To do: Only one stretch of the data below should be repeated: the lines from the line containing "MLB launches investigation" through the line containing "In reality, looking", inclusive, exactly as they are.

Working data:
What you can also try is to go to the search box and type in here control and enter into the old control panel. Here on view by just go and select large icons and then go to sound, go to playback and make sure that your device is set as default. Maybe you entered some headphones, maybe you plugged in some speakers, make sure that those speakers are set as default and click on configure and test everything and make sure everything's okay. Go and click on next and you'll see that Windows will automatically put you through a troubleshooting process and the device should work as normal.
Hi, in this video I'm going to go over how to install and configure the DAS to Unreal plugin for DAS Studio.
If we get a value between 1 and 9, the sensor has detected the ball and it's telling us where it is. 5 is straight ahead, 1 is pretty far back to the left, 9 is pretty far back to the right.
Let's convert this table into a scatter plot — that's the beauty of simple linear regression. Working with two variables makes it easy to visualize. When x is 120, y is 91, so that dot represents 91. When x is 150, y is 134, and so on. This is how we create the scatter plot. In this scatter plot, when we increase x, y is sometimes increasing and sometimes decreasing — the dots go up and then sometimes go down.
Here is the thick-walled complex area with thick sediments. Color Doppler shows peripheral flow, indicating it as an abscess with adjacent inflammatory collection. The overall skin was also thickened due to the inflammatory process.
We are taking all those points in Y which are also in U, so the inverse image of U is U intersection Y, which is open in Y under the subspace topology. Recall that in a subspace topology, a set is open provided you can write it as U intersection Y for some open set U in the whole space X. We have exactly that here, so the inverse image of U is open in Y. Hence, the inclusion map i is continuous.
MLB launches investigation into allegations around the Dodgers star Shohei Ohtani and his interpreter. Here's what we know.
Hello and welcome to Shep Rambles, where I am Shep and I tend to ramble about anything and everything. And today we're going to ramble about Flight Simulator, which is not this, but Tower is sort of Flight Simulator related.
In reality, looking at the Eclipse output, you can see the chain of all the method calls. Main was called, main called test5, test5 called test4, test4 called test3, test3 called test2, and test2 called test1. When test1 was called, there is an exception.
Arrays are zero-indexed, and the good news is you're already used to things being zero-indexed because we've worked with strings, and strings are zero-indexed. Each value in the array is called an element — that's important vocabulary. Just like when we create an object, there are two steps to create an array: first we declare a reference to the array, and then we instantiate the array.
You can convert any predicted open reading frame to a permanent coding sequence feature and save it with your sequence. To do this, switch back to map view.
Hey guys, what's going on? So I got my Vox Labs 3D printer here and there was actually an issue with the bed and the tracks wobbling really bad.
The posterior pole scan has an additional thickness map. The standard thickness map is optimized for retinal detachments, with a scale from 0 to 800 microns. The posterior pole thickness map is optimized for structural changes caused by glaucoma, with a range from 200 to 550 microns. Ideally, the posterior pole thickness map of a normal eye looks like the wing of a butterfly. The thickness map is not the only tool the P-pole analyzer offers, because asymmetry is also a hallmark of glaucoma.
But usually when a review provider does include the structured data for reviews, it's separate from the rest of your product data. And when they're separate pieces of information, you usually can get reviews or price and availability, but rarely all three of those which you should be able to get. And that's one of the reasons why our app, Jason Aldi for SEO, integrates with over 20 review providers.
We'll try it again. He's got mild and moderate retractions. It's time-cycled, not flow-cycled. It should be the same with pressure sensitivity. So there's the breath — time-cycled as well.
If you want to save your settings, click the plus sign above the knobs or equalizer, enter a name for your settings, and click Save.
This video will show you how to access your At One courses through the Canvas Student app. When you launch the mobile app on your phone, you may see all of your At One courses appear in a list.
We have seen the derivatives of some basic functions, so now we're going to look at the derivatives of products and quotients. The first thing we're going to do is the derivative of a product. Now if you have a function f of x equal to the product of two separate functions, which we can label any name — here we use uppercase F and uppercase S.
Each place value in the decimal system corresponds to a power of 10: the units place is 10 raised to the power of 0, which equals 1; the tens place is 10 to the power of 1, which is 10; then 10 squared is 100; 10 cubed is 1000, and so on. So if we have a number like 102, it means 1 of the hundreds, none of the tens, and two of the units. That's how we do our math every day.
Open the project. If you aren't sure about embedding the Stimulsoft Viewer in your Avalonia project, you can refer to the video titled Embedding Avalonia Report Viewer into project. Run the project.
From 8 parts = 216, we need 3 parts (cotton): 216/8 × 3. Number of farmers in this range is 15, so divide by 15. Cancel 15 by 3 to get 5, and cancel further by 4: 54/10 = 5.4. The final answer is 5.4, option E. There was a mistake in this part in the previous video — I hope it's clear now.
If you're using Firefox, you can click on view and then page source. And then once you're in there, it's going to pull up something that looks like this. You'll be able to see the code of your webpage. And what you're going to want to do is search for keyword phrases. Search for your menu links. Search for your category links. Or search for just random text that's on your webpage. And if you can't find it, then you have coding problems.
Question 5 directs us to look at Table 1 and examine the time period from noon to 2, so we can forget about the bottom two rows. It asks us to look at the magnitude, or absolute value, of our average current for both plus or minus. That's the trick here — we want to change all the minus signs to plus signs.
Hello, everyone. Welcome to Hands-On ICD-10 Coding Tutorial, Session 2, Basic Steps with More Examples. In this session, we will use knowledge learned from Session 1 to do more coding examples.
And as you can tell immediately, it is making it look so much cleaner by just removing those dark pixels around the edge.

Result:
MLB launches investigation into allegations around the Dodgers star Shohei Ohtani and his interpreter. Here's what we know.
Hello and welcome to Shep Rambles, where I am Shep and I tend to ramble about anything and everything. And today we're going to ramble about Flight Simulator, which is not this, but Tower is sort of Flight Simulator related.
In reality, looking at the Eclipse output, you can see the chain of all the method calls. Main was called, main called test5, test5 called test4, test4 called test3, test3 called test2, and test2 called test1. When test1 was called, there is an exception.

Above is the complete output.